- Opening Delimiter -
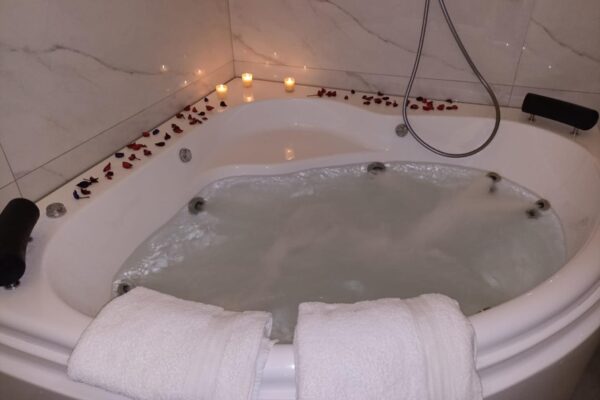 פנינת האורנים סוויטות נופש לפי שעה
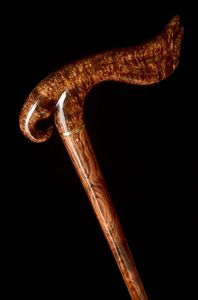 TRADITION 15 AÑOS Fábrica Diseño personalizado Popular 122cm Barnizado Camping Madera Senderismo Bastón - Product Image 2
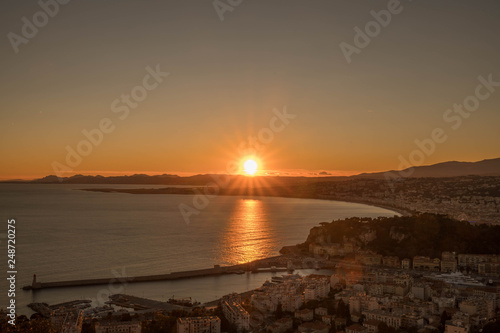 Coucher de soleil sur la baie des anges à Nice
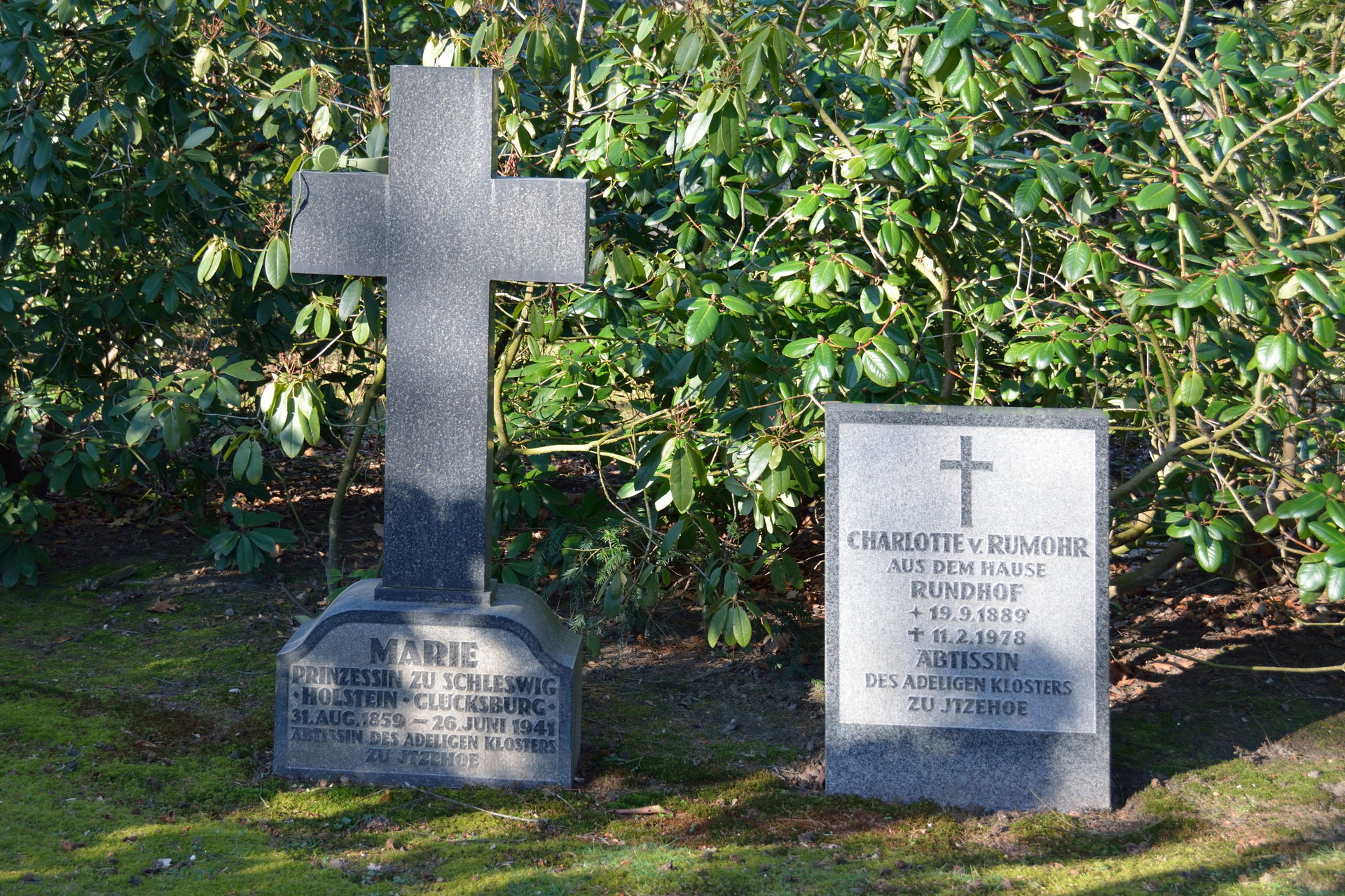 Impressionen von Gräbern auf dem Friedhof Brunnenstrasse in Itz…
- Closing Delimiter -
## Your objective
The data must be repeated exactly. Any pictures in it are to be left out.

## Exercise output
 פנינת האורנים סוויטות נופש לפי שעה
 TRADITION 15 AÑOS Fábrica Diseño personalizado Popular 122cm Barnizado Camping Madera Senderismo Bastón - Product Image 2
 Coucher de soleil sur la baie des anges à Nice
 Impressionen von Gräbern auf dem Friedhof Brunnenstrasse in Itz…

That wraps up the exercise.